The NY Times on Deployment
The New York Times argues against Bush's plans for redeploying (or removing 70,000 troops from Europe and Asia) here

I want to give my take on a few of their arguments.

The Bush administration justifies these movements by pointing to fundamental changes in the geography of threats since the end of the cold war. In Asia, however, that geography has not changed all that much.

The most dangerous threat still comes from North Korea, which is now thought to be building nuclear weapons. At a time when negotiating a halt to that buildup is imperative, Washington has inexplicably granted Pyongyang something it has long coveted - a reduction in American troop levels - instead of building those reductions into a bargaining proposal requiring constructive North Korean moves in return. The Korean pullback also sends a dangerous signal to the North that America is devaluing its alliance with South Korea.

To be honest, when South Koreans are bent on appeasing their hostile northern neighbor through a sunshine policy, all while protesting the presence of American troops in their homeland, and condemning us in the UN, why should we be using our scarce resources to defend an ally who doesn't act either like an ally or somebody who wants our support? At least this is the common perception. However, the New York Times is right to point out that South Korea acts more like an ally than many may want to believe - it has put quite a few troops in Iraq.

In Europe, the withdrawals are less immediately dangerous, but they will be expensive because Germany pays a hefty share of the costs for the American military bases located there.

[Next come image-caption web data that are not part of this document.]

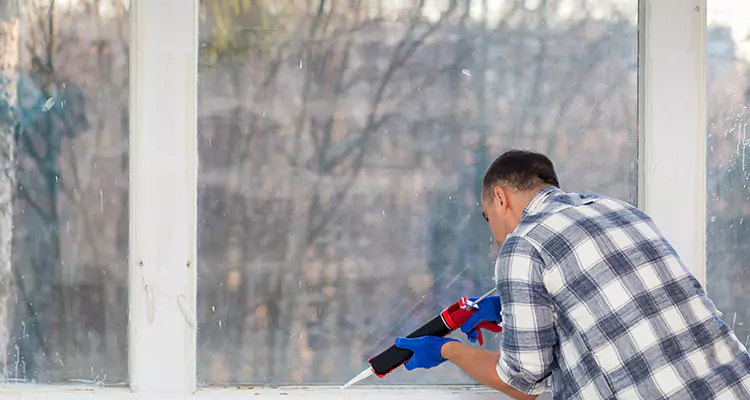 Quality Sliding Shower Door Repair for Closing Issues in Pompano Beach, FL
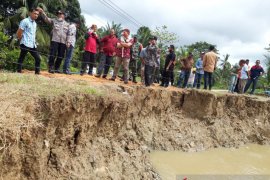 Abrasi ancam badan jalan kampung di Aceh Tamiang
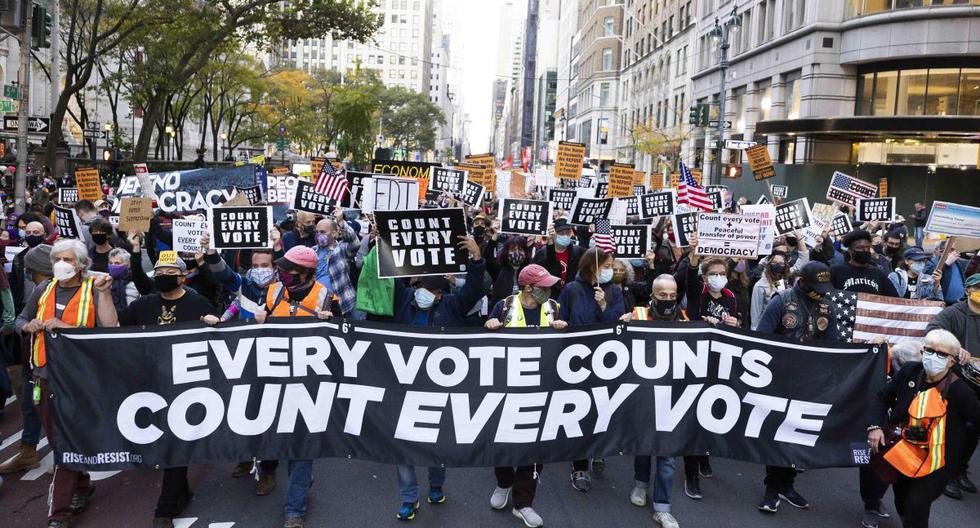Manifestantes marchan en la Quinta Avenida durante una protesta para garantizar que todas las papeletas se cuenten en las elecciones presidenciales de 2020 en Nueva York. (EFE/JUSTIN LANE).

Why again do we need bases in Germany in today's day and age? In the past there was the fear of scores of divisions of Soviet tanks bursting through the open plains of Europe, but that danger isn't present currently. Besides, why shouldn't Germany provide for its own defense? Why are our scarce troops needed there?

While sending military personnel back to Kansas or Colorado may avert some base closings and make local politicians happy, it will cost the taxpayers money. Furthermore, the military will also lose the advantage that comes with giving large numbers of its men and women the experience of living in other cultures.

Yes are soldiers will now lose the chance to learn German culture. But is that really a strong enough reason to condemn moving troops for national security purposes? Besides, one criticism of our education system has been that we spend too much time learning about strictly European cultures. If the New York Times is so concerned about this potential cultural deficiancy, I'm sure quite a few people would be delighted to see them call for American soldiers to receive a cultural education in new bases in Syria or Iran.

Although it is certainly true that American troops no longer have to sit in Germany to protect Western Europe from the Red Army, many of today's battlefields, like Iraq and Afghanistan, are in fact closer to Germany than they are to the United States.

True, but when the Germans or other countries in between don't let us use their airspace or impose other restrictions in conducting missions that we feel (rightly or wrongly) are needed for national security purposes, the value of such German bases is questionable at best.

Despite the Pentagon's denials, it seems deliberate that the two largest withdrawals have been proposed for countries that the Bush administration has had serious differences with in recent years, over Iraq in the German case, and over negotiating strategy with North Korea in the case of Seoul. Both countries have been working hard to patch up relations - South Korea is one of the few American allies with troops in Iraq - but the Pentagon does not seem interested in reciprocating.

So we have a big stick. Do we really lose more than we gain by using it?